BEETS: Sow directly outdoors, Plant 1-2 weeks after average last spring frost. Minimum soil temp of 50 degrees.

BROCCOLI: Seed indoors. Seed indoors 4-6 weeks before you want to plant outdoors. Transplant outdoors 2-3 weeks before average last spring frost. Minimum soil temp 40 degrees.

BRUSSEL SPROUTS: Seed indoors. Start transplants 8-10 weeks before last frost. Set out transplants 2-4 weeks before average last frost.

CABBAGE: Seed indoors. Start transplants 6-8 weeks before average last spring frost. Transplant outside 2-3 weeks before the last expected frost date.

CARROTS: Sow directly outdoors, Plant 3-5 weeks before the last spring frost date. Minimum soil temp 40 degrees.

CAULIFLOWER: Seed indoors. Start transplants 4-5 weeks before the plants are needed to go outdoors. Plant transplants outdoors 2-3 weeks before the average frost date in spring.

CHARD: Sow seeds indoors or outdoors. Plant outside 2-3 weeks before last spring frost date. Continue planting seeds at 10 day intervals to have all summer.

CORN: Sow directly outdoors. Plant seeds 2 weeks after last spring frost date. Minimum soil temp 60 degrees.

CUCUMBERS: Sow indoors. Plant seeds indoors 3-5 weeks before spring frost date. Transplant outside no earlier than 2 weeks after last frost date.

EGGPLANT: Sow indoors. Plant seeds indoors 8-10 weeks before soil warms up to 60 degrees. Transplant outside when soil warms.

KALE: Seed indoors or sow directly outdoors. Extremely frost hardy. Plant as soon as ground thaws.

LETTUCE: Sow directly outdoors or seed indoors. If seeding indoors start seeds 4-6 weeks before last spring frost. Transplant seedlings 2 weeks before and 2 weeks after last spring frost. If sowing directly outdoors seed as soon as your ground can be worked. Light frost is okay.

MUSKMELONS: Sow indoors or directly outdoors. Muskmelons need at least 70 degree soil temperature to germinate. If planting indoors sow about 4-6 weeks before soil warms up. Transplant when all signs of frost are gone.

ONION TRANSPLANTS OR SETS: Sow directly outdoors. Plant as soon as soil can be worked.

PARSNIPS: Sow directly outdoors. Sow as soon as soil is workable. Cold hardy crop.

PEAS: Sow directly outdoors. Seed outdoors 4-6 weeks before last spring frost.

POTATOES: Sow directly outdoors. Seed outdoors when soil temperature has reached 52 degrees. 2-3 weeks after average spring frost.

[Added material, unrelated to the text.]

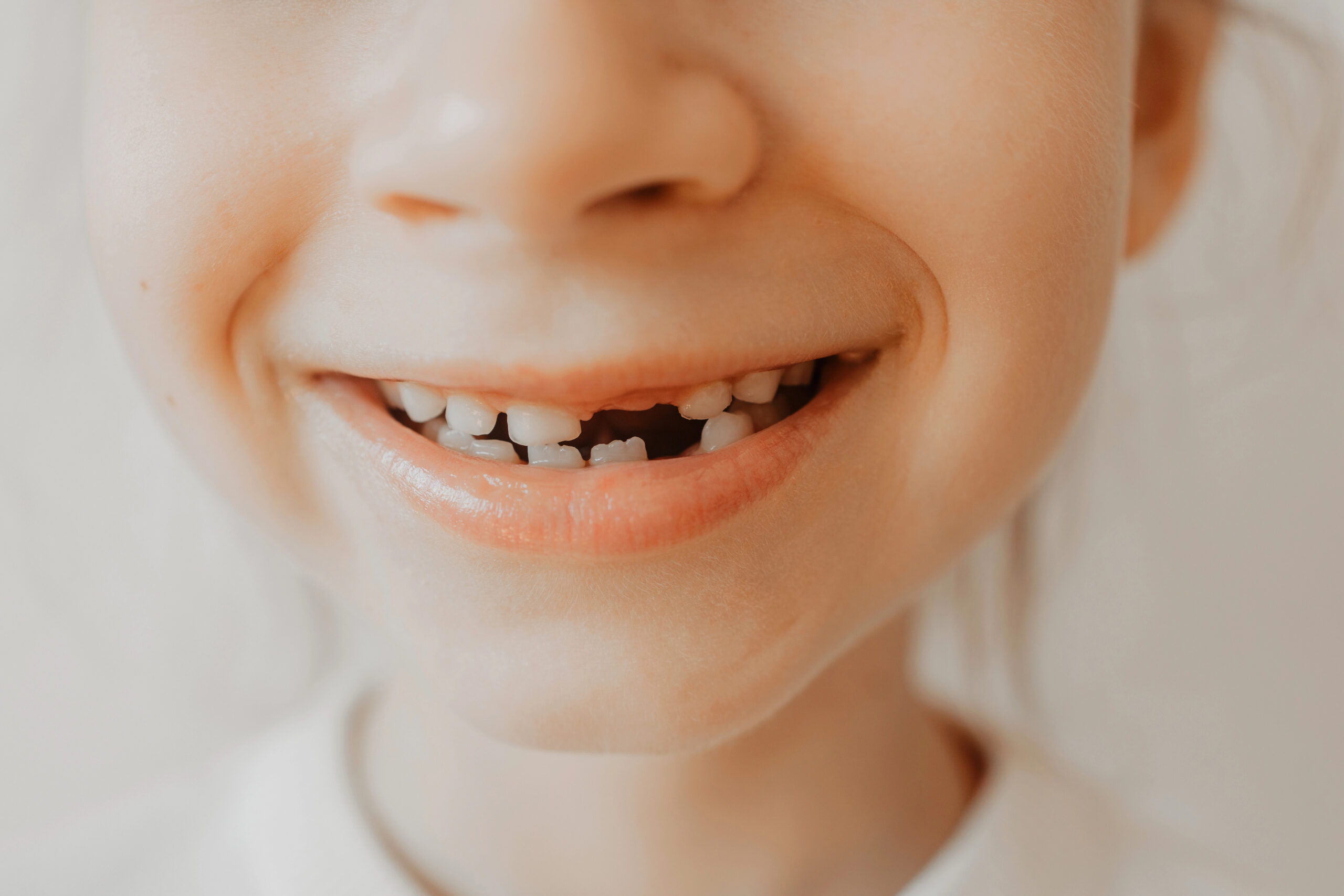 Close up of child with missing baby teeth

PUMPKINS: Sow directly outdoors or sow indoors. If you have a short growing season sow indoors 2-4 weeks before last spring frost. Be sure to harden off seedlings before transplanting.

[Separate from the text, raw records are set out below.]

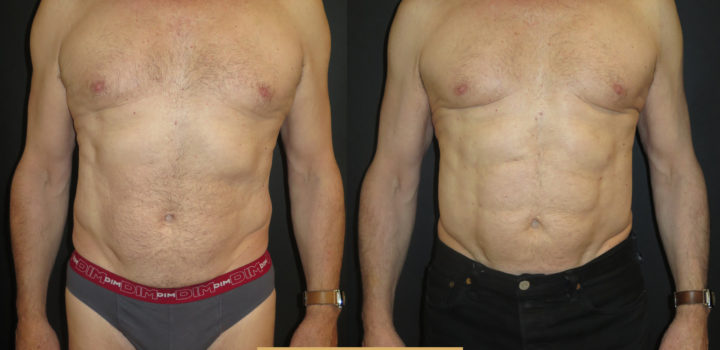 Lipoaspiration avec abdominal etching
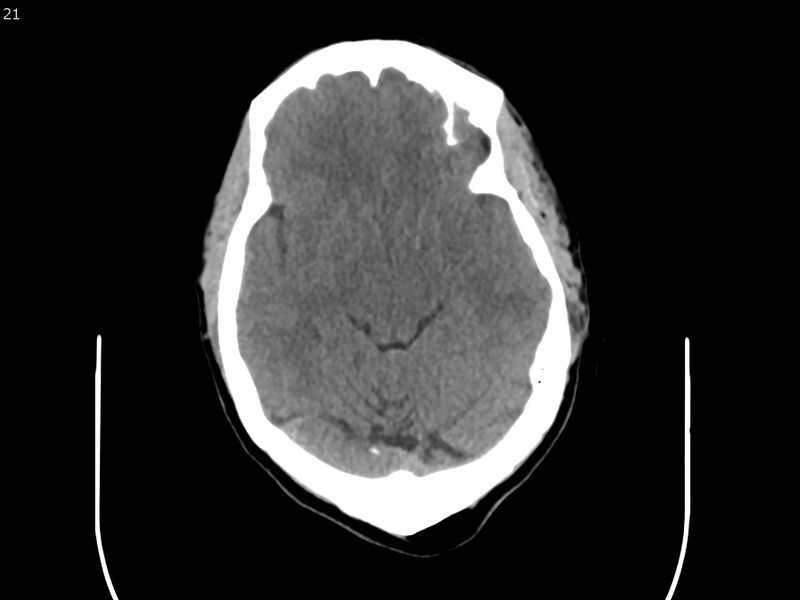 File:Atypical meningioma - intraosseous (Radiopaedia 64915-73867 A 21).jpg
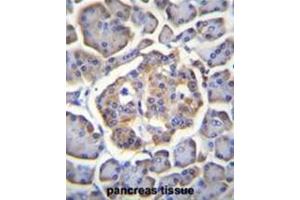 BTBD17 Antibody (C-term) immunohistochemistry analysis in formalin fixed and paraffin embedded human pancreas tissue followed by peroxidase conjugation of the secondary antibody and DAB staining. (BTBD17 anticorps  (C-Term))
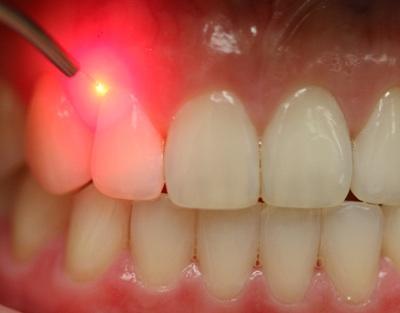 Periodontal Maintenance Frequency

PEPPERS: Sow indoors. Plant 6-8 weeks before the last average spring frost date. Transplant outside when soil has warmed up and all signs of frost are gone, before transplanting outside make sure you harden off your seedlings.

RADISH: Sow directly outdoors. Plant 4-6 weeks before the average last frost date.

SPINACH: Sow directly outdoors. Plant as soon as the soil can be worked. Spinach need 6 weeks of cool weather. Minimum soil germination temperature 35 degrees.

SQUASH AND ZUCCHINI: Sow indoors. Plant 2-4 weeks before last spring frost. Transplant outside 1-3 weeks after spring frost.

STRAWBERRIES: Sow directly outdoors. Plant as soon as the ground can be tilled.

TOMATOES: Sow indoors. Plant 6-8 weeks before the last average spring frost date. Transplant outside when soil has warmed up and all signs of frost are gone, before transplanting outside make sure you harden off your seedlings.

TURNIPS: Sow directly outdoors. Plant as soon as soil is tillable.

WATERMELON: Sow indoors or directly outdoors. Watermelon need at least 70 degree soil temperature to germinate. If planting indoors sow about 4-6 weeks before soil warms up. Transplant when all signs of frost are gone.